## What you have to do
An exact copy of every entry is needed, without the pictures.

Caption-style text data
□ □ □

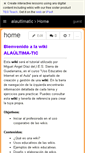 Mobile Screenshot of alaultimatic.wikispaces.com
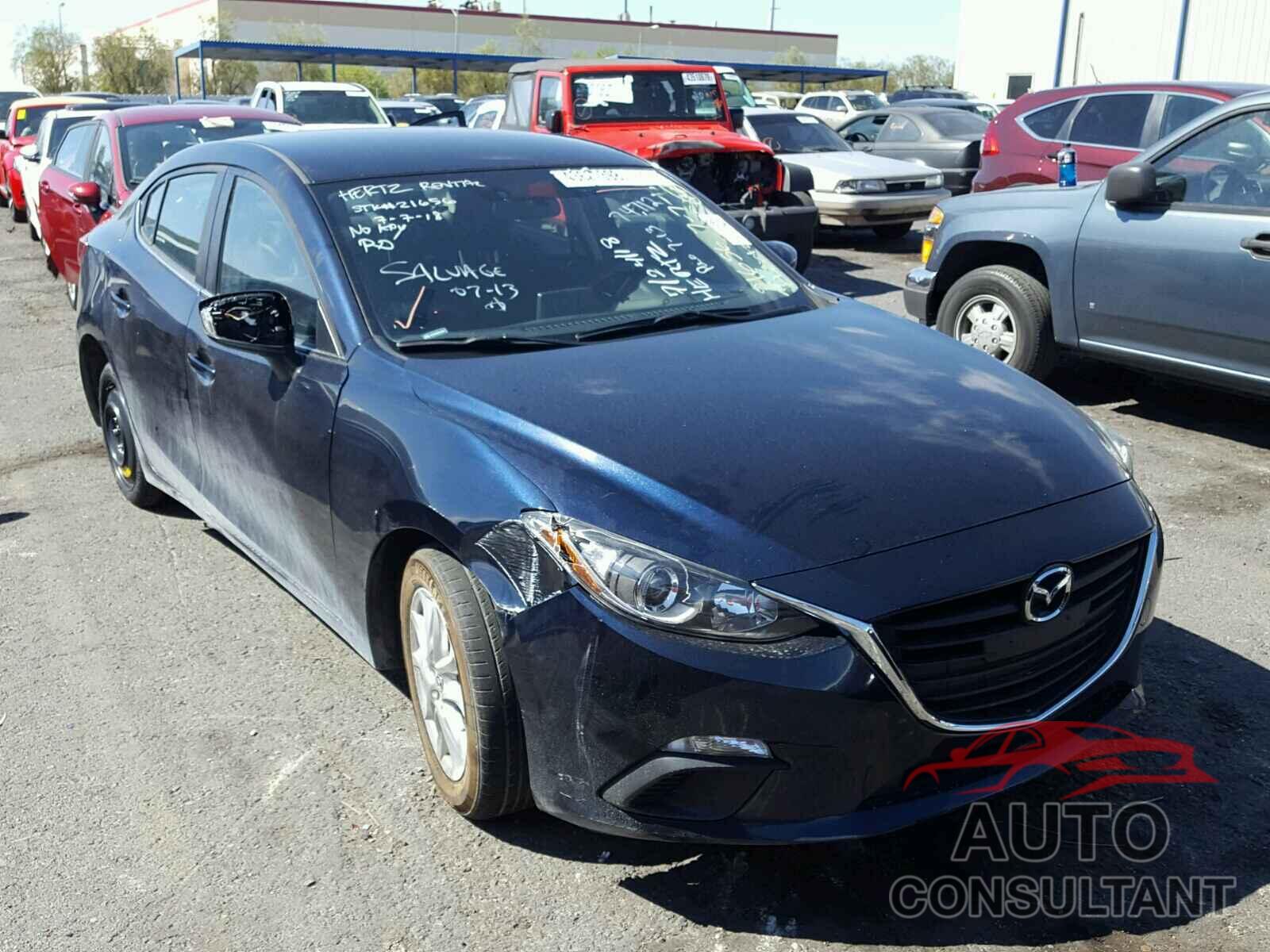 MAZDA 3 2016 - JM1BM1U70G1335032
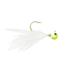 Lunkerhunt Tungsten Full Effect Jig, Chartreuse White Glow, 1/32 oz, FEJ02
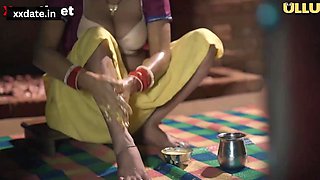 Attractive Indian MILF impassioned erotic video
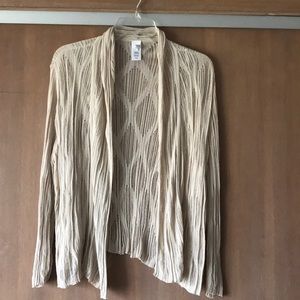 Very light cardigan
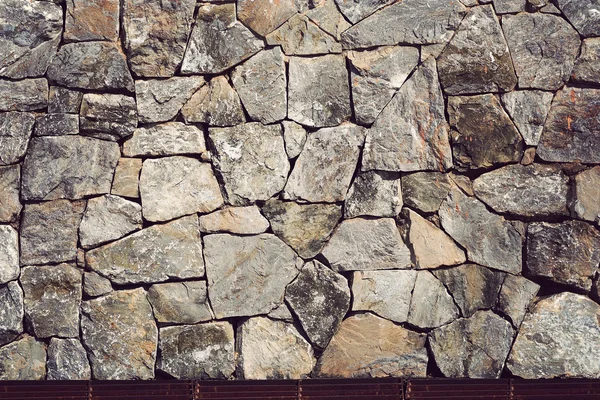 Fundo da textura da parede de pedra, estilo Vintage — Fotografia de Stock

□ □ □

## Result
 Mobile Screenshot of alaultimatic.wikispaces.com
 MAZDA 3 2016 - JM1BM1U70G1335032
 Lunkerhunt Tungsten Full Effect Jig, Chartreuse White Glow, 1/32 oz, FEJ02
 Attractive Indian MILF impassioned erotic video
 Very light cardigan
 Fundo da textura da parede de pedra, estilo Vintage — Fotografia de Stock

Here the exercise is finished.